A good place to start would be with the implementation of a Parliamentary Science Officer, she added. “I think that’s something he could do tomorrow. He could say, ‘the search begins.’ ”
But Côté remains realistic: “The reality is it’s going to take a heck of a long time to reassemble the expertise that’s been lost by all the cuts. It’s not like these people are just waiting in the wings to jump back into the positions they had. Those people are gone.”
One of those lost federal scientists is Peter Ross, former federal scientist with the Department of Fisheries and Oceans. Ross, a marine contaminants expert now working with the Vancouver Aquarium, said Canada “has serious work to do” when it comes to restoring science.
“I’d be remiss if I didn’t say I was optimistic,” Ross said.
“Even though these last few years have been hard, I’ve always remained optimistic.”
Ross said after major budget cuts and a restrictive communications environment, he would like to see the mandate of science expanded in Canada.
“If we look at the history of science in Canada we spend half of what the OECD spends on science — we always have,” he said. “If we’re going to excel in terms of the knowledge economy, in terms of the global village, we have to invest in science.”
Trudeau has promised to return $40 million in funding to the Department of Fisheries and Oceans, a federal body that saw a research exodus after major funding cuts under the Harper government in 2012.
Jeremy Kerr, professor of biology at the University of Ottawa, said he is “definitely optimistic” science will fare better under this new leadership.
“It’s like coming out of a cave,” Kerr said. “The last 10 years have been an almost unrelenting series of efforts to suppress scientific information, shut down programs, supplement normal communications with clearly organized propaganda efforts.”
“It has been an incredibly dark time.”
Kerr, who worked with the Liberal party and new Minister of Science Kirsty Duncan in May to craft a parliamentary motion to restore scientific integrity, said he has “every expectation” the Liberal government will follow through with many of the good ideas — including unmuzzling scientists and creating a Parliamentary Science Officer — in that document.
Kerr said some members of the scientific community are unnecessarily pessimistic about implementing changes.
“A lot of the scientific integrity changes that we have called for and many others have called for are not going to require an act of Parliament to achieve,” Kerr said. “What they are going to require, with careful thinking, is a few days writing a policy and communicating it to the public service.”
Kerr said people think restoring science in Canada will be “some monumental Everest challenge.”
“But I just don’t think it is,” Kerr said, adding that though these things can be done easily they must be treated as urgent.

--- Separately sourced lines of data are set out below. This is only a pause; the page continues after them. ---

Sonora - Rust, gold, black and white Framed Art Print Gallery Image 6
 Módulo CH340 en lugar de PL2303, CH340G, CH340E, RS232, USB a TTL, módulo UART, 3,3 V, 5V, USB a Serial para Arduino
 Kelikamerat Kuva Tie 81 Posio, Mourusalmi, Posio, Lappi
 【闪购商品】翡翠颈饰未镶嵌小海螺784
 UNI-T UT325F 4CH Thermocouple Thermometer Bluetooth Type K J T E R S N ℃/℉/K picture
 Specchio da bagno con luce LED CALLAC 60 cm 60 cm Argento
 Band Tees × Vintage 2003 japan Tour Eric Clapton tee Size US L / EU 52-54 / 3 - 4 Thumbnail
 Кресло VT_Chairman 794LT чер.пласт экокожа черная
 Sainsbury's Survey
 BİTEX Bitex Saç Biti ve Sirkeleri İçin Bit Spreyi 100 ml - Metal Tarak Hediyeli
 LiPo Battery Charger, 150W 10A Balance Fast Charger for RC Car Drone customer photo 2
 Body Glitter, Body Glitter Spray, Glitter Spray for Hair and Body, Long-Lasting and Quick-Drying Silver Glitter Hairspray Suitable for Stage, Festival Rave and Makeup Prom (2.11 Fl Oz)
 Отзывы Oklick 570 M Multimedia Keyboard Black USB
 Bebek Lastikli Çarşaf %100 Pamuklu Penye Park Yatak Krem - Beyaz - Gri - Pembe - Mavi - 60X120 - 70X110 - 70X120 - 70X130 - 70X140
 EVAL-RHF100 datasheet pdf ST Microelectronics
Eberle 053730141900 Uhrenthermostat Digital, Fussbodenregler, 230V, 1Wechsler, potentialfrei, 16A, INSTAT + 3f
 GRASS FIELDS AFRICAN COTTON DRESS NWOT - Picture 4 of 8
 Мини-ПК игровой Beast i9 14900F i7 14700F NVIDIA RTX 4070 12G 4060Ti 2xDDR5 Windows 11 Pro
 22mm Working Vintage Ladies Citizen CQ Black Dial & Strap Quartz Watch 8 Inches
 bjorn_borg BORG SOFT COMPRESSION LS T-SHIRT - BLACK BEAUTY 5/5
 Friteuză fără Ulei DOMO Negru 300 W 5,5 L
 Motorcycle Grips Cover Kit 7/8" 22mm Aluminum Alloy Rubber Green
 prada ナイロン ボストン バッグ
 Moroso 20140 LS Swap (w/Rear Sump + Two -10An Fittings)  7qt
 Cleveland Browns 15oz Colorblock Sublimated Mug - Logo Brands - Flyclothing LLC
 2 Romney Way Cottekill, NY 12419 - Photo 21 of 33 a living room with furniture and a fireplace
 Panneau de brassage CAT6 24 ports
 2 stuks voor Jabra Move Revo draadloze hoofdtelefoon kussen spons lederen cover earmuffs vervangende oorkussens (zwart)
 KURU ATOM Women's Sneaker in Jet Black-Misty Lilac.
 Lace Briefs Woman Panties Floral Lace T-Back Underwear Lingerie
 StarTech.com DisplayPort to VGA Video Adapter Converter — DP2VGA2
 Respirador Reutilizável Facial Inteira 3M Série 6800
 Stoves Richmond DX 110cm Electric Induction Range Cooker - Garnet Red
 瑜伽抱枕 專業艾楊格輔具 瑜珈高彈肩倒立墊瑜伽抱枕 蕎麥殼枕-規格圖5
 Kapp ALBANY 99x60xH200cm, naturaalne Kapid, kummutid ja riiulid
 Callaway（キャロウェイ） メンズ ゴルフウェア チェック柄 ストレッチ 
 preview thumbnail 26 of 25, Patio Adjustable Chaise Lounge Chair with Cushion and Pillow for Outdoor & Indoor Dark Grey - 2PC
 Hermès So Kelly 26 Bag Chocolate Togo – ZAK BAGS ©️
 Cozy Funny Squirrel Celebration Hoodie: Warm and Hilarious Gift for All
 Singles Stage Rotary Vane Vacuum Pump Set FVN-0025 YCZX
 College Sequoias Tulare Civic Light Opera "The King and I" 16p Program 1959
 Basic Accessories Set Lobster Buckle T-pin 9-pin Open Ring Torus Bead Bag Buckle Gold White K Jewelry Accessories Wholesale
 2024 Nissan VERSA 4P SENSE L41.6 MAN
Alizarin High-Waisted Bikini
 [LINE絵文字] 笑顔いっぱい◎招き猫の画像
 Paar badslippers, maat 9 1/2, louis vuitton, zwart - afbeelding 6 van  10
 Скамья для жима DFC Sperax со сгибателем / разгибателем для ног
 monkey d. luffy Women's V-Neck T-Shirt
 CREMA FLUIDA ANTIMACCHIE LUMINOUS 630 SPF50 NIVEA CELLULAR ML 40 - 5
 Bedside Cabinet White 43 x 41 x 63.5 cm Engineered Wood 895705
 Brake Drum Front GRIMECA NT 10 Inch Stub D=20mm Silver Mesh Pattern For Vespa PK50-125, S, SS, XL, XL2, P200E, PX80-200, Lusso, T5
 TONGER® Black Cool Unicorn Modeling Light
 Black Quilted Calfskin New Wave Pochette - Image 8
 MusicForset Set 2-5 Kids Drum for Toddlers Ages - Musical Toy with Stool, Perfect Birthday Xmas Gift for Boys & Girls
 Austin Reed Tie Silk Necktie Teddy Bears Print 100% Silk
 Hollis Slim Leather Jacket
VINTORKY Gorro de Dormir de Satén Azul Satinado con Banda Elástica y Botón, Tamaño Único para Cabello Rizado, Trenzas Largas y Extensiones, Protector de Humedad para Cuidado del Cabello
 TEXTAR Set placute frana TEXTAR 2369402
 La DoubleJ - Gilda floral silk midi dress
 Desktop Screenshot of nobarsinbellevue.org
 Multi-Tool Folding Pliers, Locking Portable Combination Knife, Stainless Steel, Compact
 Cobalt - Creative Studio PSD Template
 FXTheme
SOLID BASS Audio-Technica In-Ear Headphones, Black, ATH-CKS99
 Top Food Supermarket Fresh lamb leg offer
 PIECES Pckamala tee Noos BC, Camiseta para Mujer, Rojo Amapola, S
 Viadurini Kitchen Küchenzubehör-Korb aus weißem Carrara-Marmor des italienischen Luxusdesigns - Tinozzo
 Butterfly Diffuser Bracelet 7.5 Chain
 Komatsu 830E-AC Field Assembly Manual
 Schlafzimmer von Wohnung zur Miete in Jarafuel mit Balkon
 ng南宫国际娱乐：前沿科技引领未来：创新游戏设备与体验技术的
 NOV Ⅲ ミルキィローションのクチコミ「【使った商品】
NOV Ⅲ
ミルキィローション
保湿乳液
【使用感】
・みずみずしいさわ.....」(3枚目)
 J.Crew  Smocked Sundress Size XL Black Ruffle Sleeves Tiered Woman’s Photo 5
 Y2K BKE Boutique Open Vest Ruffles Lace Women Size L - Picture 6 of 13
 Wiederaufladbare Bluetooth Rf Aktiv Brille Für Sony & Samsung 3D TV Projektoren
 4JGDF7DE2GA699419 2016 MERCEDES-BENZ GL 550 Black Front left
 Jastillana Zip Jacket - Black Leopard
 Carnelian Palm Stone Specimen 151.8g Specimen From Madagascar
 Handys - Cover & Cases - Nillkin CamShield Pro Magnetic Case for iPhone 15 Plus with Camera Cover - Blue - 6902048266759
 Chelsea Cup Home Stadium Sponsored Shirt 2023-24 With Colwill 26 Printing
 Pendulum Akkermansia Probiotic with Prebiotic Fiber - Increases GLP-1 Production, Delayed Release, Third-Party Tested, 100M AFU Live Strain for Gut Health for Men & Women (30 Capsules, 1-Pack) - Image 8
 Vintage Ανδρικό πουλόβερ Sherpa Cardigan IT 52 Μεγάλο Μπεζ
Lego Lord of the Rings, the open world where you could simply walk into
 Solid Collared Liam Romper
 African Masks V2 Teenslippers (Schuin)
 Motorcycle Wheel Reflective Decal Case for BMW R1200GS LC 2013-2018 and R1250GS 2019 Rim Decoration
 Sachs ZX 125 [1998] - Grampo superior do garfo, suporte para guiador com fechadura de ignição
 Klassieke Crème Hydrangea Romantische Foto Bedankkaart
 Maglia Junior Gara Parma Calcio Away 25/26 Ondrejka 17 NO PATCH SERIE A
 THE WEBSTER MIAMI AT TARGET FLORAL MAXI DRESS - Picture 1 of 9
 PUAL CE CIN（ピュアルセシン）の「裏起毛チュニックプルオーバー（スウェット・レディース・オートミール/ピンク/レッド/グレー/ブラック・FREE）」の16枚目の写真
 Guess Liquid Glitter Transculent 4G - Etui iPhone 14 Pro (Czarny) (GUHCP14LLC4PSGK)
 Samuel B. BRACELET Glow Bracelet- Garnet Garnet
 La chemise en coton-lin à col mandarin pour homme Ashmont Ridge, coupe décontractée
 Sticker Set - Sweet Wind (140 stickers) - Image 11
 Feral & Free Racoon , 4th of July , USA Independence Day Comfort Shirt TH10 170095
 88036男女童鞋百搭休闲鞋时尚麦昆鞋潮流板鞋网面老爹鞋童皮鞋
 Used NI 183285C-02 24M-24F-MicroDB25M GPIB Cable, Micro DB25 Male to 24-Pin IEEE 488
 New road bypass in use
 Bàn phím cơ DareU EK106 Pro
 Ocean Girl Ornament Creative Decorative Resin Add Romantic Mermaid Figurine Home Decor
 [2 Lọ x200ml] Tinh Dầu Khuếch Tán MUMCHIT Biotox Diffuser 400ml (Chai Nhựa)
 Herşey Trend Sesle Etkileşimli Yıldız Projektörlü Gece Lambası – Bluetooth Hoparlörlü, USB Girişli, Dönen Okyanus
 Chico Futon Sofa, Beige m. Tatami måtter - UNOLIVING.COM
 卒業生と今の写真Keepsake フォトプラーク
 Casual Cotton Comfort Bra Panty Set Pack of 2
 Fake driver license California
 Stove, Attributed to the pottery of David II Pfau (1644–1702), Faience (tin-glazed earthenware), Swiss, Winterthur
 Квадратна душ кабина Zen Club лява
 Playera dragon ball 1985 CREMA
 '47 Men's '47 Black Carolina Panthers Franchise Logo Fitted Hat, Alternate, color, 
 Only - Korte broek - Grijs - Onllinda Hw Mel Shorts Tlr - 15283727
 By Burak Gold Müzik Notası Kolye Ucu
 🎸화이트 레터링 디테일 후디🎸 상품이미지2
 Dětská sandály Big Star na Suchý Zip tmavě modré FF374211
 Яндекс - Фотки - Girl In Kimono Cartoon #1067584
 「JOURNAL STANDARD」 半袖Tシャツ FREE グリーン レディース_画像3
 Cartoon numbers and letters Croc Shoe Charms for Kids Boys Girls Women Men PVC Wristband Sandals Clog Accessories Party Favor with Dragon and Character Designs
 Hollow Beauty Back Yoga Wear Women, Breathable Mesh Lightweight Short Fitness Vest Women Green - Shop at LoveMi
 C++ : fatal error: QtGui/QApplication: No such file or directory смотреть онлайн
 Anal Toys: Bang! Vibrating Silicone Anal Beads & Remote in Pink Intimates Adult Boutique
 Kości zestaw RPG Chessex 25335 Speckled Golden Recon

“Some of that stuff has got to be done quickly. If it doesn’t get done quickly the opportunity for using electoral momentum will pass and they will be slowed down by the inevitable inertia of being in power.”
Kerr said the Liberal government should work to restore broken relationships with the public sector through the Professional Institute of the Public Service of Canada. Morale among scientists is at “subterranean” levels at this point, he said.
Kerr also said the government needs to repair the holes in environmental protection, such as the loss of protection for practically all freshwater bodies in Canada, and enforce the Species at Risk Act.
“The federal science issue in Canada right now is basically a field of debris,” he said. “I think that’s over now, but we don’t know — the proof is going to be in the pudding.”